Travel Q&A
Do I need a visa to visit Morocco?
Short answer For most Western travelers, no, Morocco is visa-free for up to 90 days. Show up with a passport valid for at least 6 months and a return ticket, and you get a stamp at the border.
For most Western travelers, no, Morocco is visa-free for up to 90 days. Show up with a passport valid for at least 6 months and a return ticket, and you get a stamp at the border.
Visa-free passports (90 days)
EU/EEA, UK, US, Canada, Australia, New Zealand, Japan, South Korea, Brazil, Argentina, Mexico, UAE, Saudi Arabia, Turkey, Switzerland, Norway, the full list is ~70 countries. If you’re traveling on one of these passports, you don’t need to do anything before arrival.
E-visa countries
A handful of countries (including India, China, Israel, Thailand) can apply for an official e-visa, 100% online, takes 72 hours, costs around €25. The e-visa is valid for 30 days.
Visa-on-application countries
Most African passports, Russia, and a few others need to apply at a Moroccan consulate before flying. Allow 2–3 weeks.
At the border, what to have ready
Whether or not you need a visa, border officers ask:
- Where are you staying? Have your first riad/hotel name and address on your phone or printed. “I’ll figure it out” is the wrong answer.

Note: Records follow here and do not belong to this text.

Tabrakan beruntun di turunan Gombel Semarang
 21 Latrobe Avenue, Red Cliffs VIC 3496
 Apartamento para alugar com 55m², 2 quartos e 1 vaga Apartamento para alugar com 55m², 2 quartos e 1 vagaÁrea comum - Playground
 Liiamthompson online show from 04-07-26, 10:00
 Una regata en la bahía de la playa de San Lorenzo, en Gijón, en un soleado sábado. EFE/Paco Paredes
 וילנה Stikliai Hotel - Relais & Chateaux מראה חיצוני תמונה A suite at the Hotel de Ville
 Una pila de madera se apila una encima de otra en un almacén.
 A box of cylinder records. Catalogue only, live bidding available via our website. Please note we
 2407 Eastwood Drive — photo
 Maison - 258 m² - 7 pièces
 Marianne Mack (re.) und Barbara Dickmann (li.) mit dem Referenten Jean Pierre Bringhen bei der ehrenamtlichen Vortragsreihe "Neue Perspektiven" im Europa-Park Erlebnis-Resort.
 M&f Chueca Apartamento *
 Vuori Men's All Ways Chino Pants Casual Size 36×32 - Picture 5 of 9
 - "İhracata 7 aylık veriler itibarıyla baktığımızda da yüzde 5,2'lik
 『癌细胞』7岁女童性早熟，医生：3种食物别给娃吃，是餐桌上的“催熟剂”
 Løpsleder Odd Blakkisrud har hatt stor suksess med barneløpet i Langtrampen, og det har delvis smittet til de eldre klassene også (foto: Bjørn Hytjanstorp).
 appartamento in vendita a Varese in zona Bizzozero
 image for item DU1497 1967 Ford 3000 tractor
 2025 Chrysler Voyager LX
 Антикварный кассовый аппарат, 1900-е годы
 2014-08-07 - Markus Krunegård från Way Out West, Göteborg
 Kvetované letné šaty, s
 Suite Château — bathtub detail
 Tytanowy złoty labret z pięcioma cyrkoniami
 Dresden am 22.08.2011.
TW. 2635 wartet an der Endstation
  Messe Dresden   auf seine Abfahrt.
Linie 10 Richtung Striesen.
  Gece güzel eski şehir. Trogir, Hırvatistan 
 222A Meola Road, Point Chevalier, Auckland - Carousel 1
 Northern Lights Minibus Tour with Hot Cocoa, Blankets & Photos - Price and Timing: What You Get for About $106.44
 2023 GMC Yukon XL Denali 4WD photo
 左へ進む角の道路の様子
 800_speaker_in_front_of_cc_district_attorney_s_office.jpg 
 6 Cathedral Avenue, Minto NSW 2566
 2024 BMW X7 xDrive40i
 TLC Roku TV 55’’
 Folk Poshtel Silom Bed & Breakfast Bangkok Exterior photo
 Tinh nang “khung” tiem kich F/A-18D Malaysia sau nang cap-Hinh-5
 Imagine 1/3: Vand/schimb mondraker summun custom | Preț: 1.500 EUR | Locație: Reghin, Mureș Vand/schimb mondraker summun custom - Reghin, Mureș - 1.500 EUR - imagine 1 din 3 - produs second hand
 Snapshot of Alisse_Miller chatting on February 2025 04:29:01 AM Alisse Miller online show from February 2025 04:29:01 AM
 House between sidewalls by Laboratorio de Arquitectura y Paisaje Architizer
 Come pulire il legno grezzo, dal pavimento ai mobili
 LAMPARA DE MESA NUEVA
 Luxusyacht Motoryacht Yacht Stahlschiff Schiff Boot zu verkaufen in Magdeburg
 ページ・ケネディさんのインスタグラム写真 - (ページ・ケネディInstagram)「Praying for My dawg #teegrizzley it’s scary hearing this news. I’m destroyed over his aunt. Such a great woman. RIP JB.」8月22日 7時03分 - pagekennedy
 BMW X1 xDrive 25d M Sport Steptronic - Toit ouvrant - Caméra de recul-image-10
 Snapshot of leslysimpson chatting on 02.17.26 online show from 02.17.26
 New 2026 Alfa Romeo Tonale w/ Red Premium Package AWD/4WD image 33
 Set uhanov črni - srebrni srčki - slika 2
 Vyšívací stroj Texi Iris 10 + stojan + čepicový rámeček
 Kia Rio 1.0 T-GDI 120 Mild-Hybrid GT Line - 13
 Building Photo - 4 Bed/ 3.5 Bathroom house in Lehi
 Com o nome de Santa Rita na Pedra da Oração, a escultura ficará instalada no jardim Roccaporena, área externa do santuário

- Return ticket? They occasionally ask to see proof of onward travel.
- How long? Be specific. “Two weeks” is fine. “Maybe a month or two” raises eyebrows.
You’ll fill in a small white entry card in flight or at the desk: passport number, profession, address in Morocco. Keep the half they hand back, you’ll need it at exit.
Extending your stay
If you want to stay past 90 days, you must leave the country (a Spain run via Tangier ferry counts) and re-enter, or apply for a Carte de Séjour through your local police, slow, paperwork-heavy, only worth it for residents.
Common mistakes
- Expired passport. Six months validity from arrival date, not departure. Renew before flying if you’re close.
- Damaged passport. A torn page or water damage can get you turned around at the gate.
- Missing entry card on exit. They will hold you at the airport. Take a photo of the stamped half right after you clear immigration.